The new species is named Hylaecullulus fordi, where ‘Hylaecullulus’ means ‘forest-goblet’, in reference to the shape of the specimens, and ‘fordi’ honours palaeontologist Trevor Ford (1925-2017) of the University of Leicester, for his work on the Ediacaran Fauna. The species is described from six specimens collected from the Ediacaran Bradgate Formation at the Charnwood Forest locality in Leicestershire, England, each of which has a holdfast surmounted by a long stalk then a cluster of branching fronds forming a goblet shape. At least four orders of branching can be seen, with some indication that a fifth was present.

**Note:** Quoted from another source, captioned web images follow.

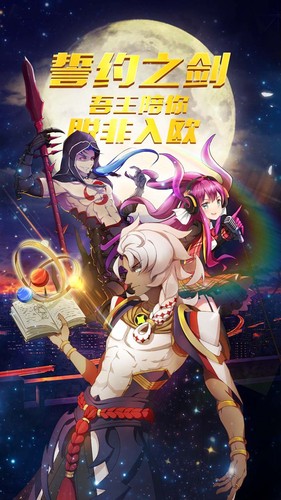 誓约之剑九游手游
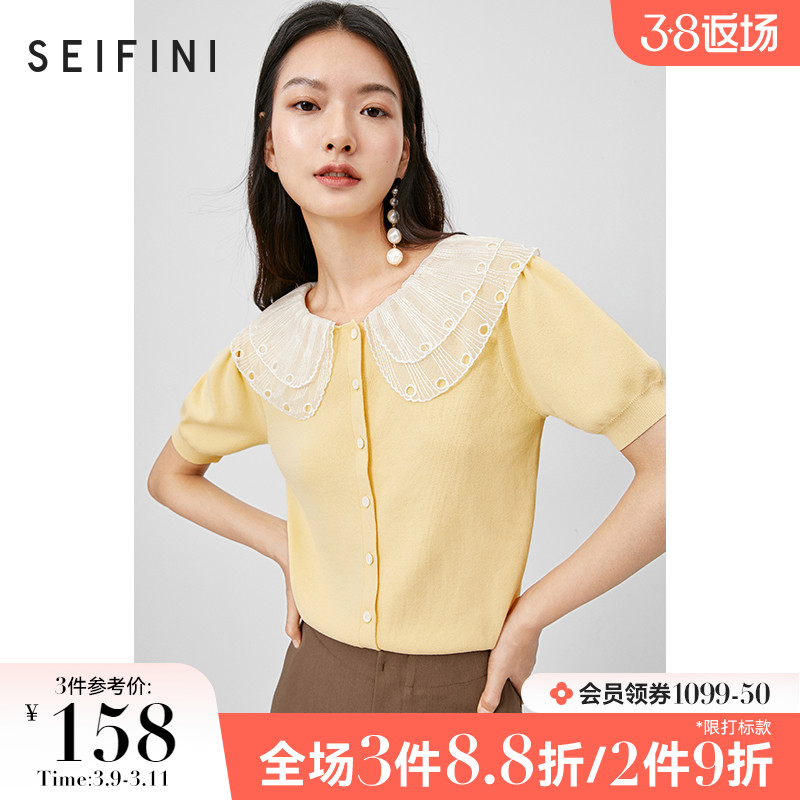 Poetry Verge weaters 2021 new autumn clothes slim fit slim dolls collar short sleeves Bubble Sleeves Yellow Blouse Women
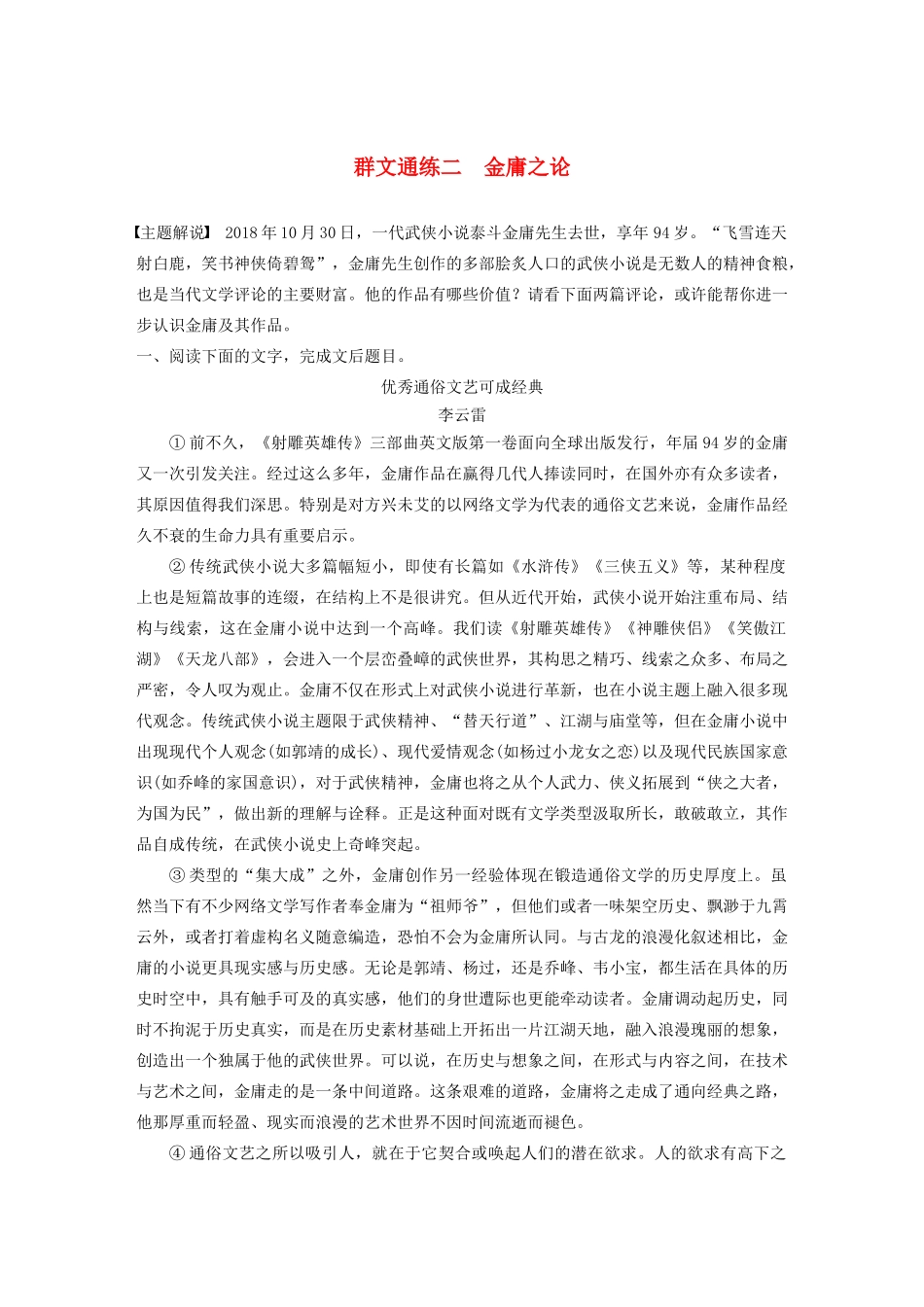 高考语文第五章 论述类阅读 专题二 Ⅱ 群文通练二 金庸之论（含解析）试题_第1页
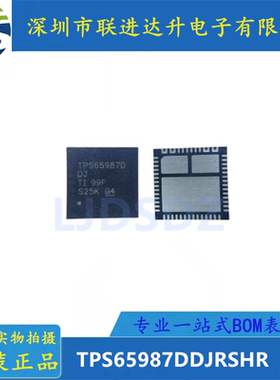 TPS65987DDJ TPS65987DDJRSHR  QFN   全新原装 现货库存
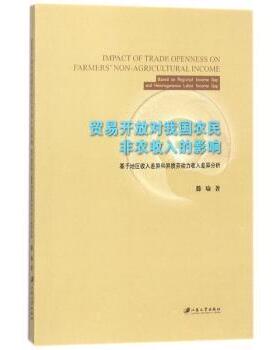 正版 贸易开放对我国农民非农收入的影响:基于地区收入差异和异质劳动力收入差异分析:based on regional income gap and heteroge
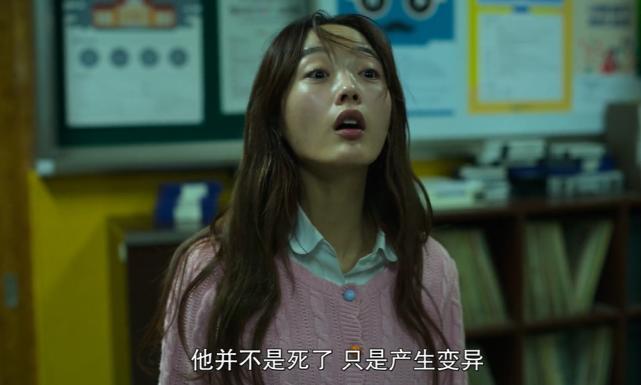 韩国有哪些丧尸题材电影,十部必看的丧尸电视剧韩国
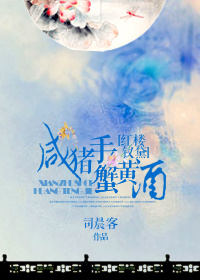武僧宏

Importantly, in Kenchington et al.’s opinion, the specimens all show what they describe as eccentric branches, branches are arranged at random on the specimens, which are oversized compared to neighbouring branches on the same parent branch, and seem to expand to cover a gap in the basket structure.

(A) Specimen GSM105875 (mold), the plastotype (mold of the type, the specimen which is used to define the species; any specimen determined to belong to the same species as the type will be assigned to this species) and largest known example. (B) Interpretive overlay (up to folium level detail) of specimen GSM105875. The dark blue area is the holdfast disc, with dark blue lines outlining its internal rings. Medium blue is its stem, with red lines defining the ‘lineations’ and ‘triangle’. Bright blue outlines the folia. (C) Plastoparatype specimen GSM106040 (mold of a second specimen). (D) GSM105959 (cast). (E) Plastoparatype GSM106112 (cast). (F) GSM105957 (cast), the smallest well-preserved example. (G) GSM 105958 (cast). Scale bars, 2 cm. All molds and casts are held at the British Geological Survey, Keyworth. The interpretative overlay was digitized from a camera lucida interpretation. Kenchington et al. (2018).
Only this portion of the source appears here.